**REQUIRED WORK:**
The listing below holds pictures; exclude them. Return exactly the lines from the one with "woman head beautiful" through the one with "Perfect Mousse Coloration".

**DATA PROVIDED:**

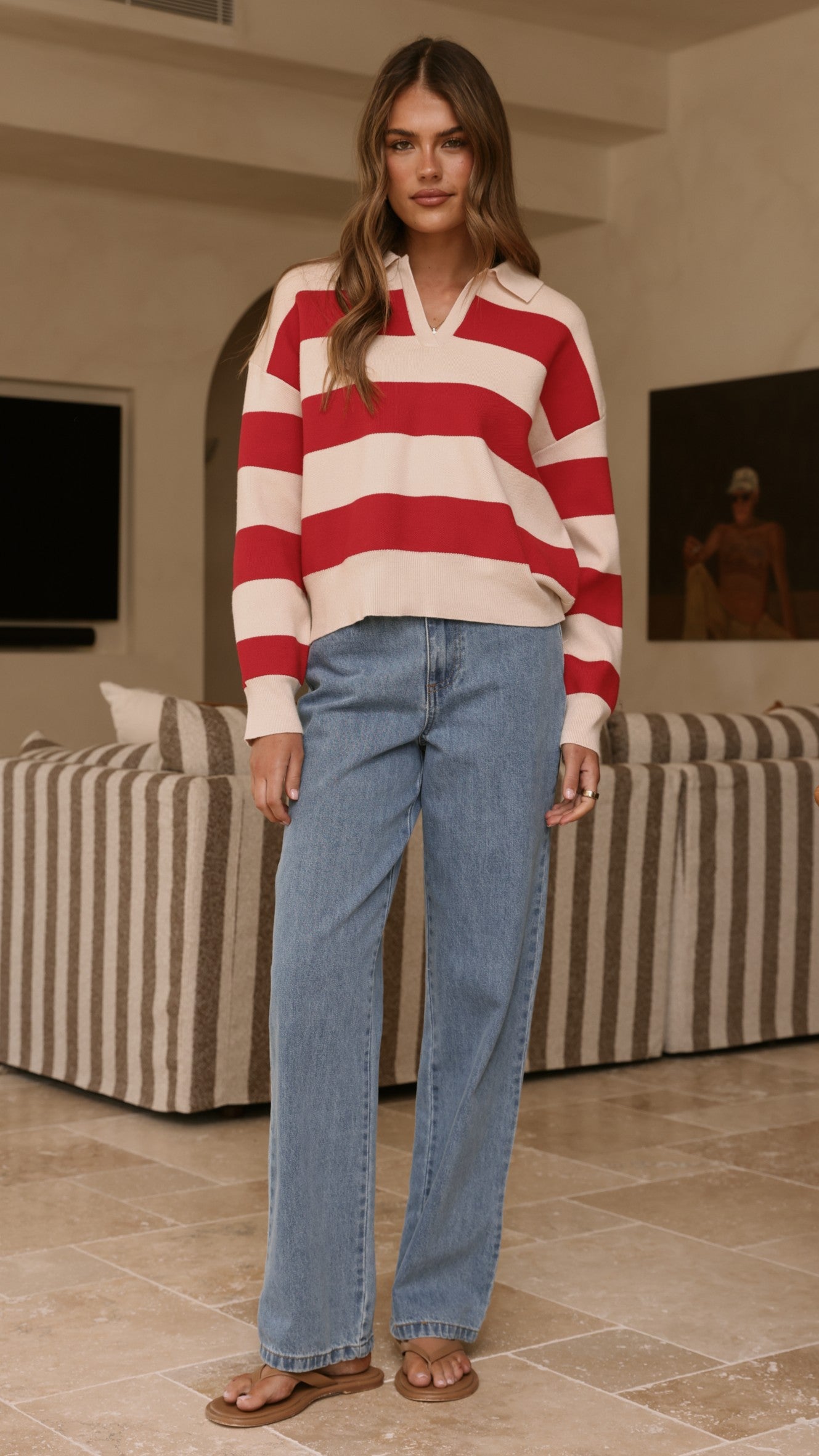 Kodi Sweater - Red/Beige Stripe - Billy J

* * *

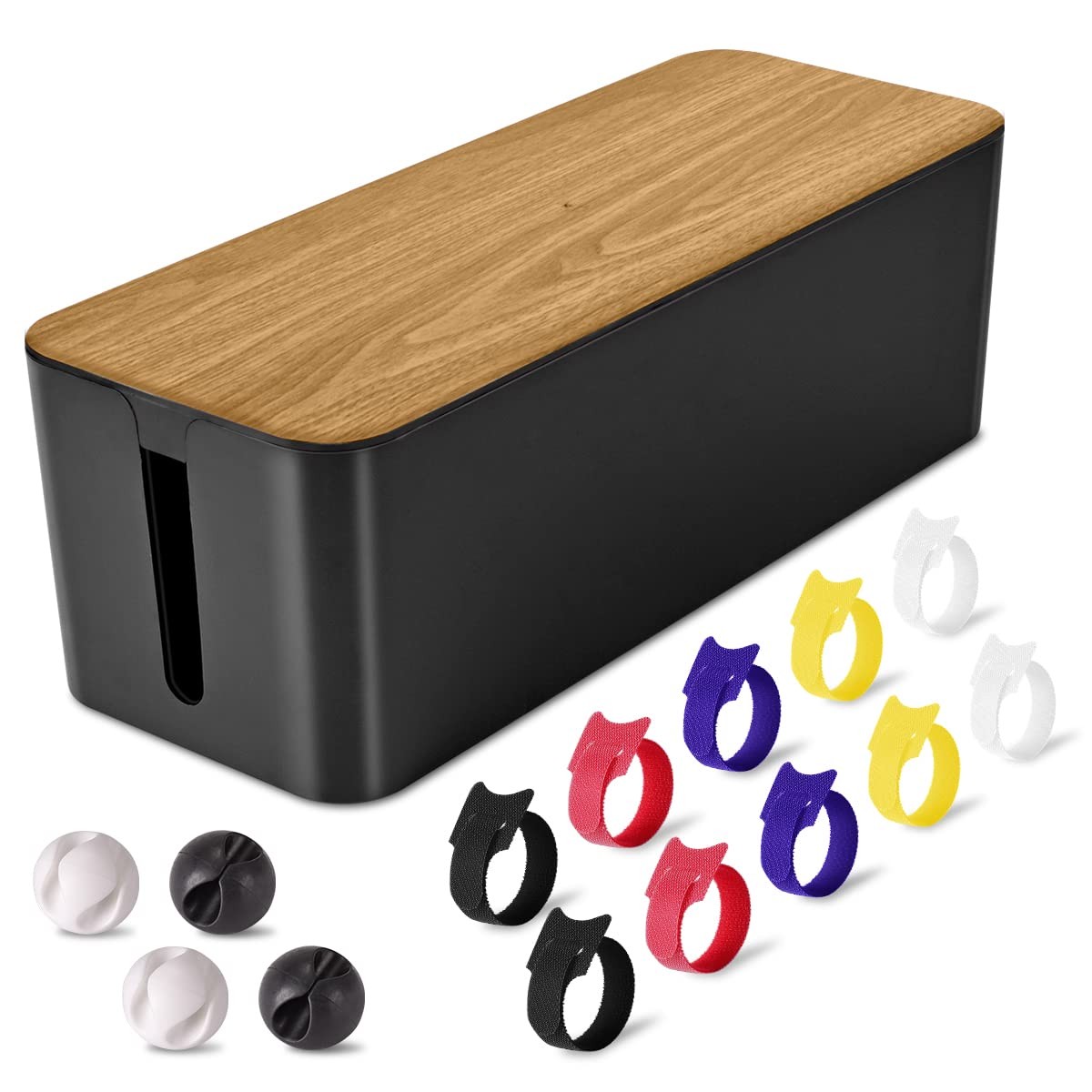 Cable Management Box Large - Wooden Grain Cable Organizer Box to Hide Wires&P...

...

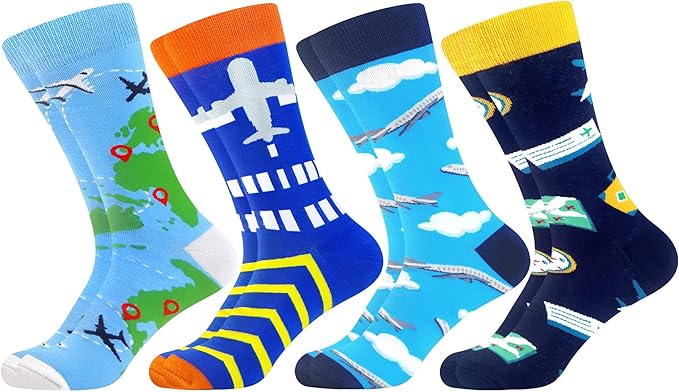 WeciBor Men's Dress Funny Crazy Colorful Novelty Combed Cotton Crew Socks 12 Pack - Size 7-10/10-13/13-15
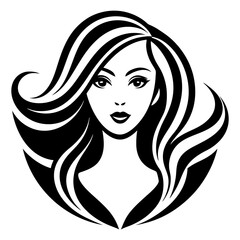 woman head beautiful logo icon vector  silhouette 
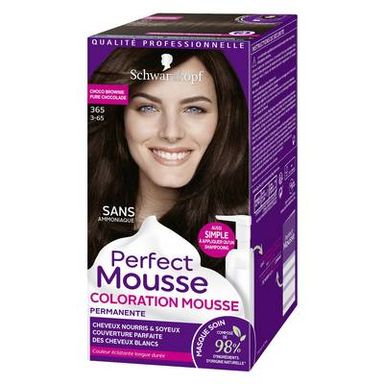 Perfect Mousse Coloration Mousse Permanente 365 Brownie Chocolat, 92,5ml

**RESULT:**
 woman head beautiful logo icon vector  silhouette 
 Perfect Mousse Coloration Mousse Permanente 365 Brownie Chocolat, 92,5ml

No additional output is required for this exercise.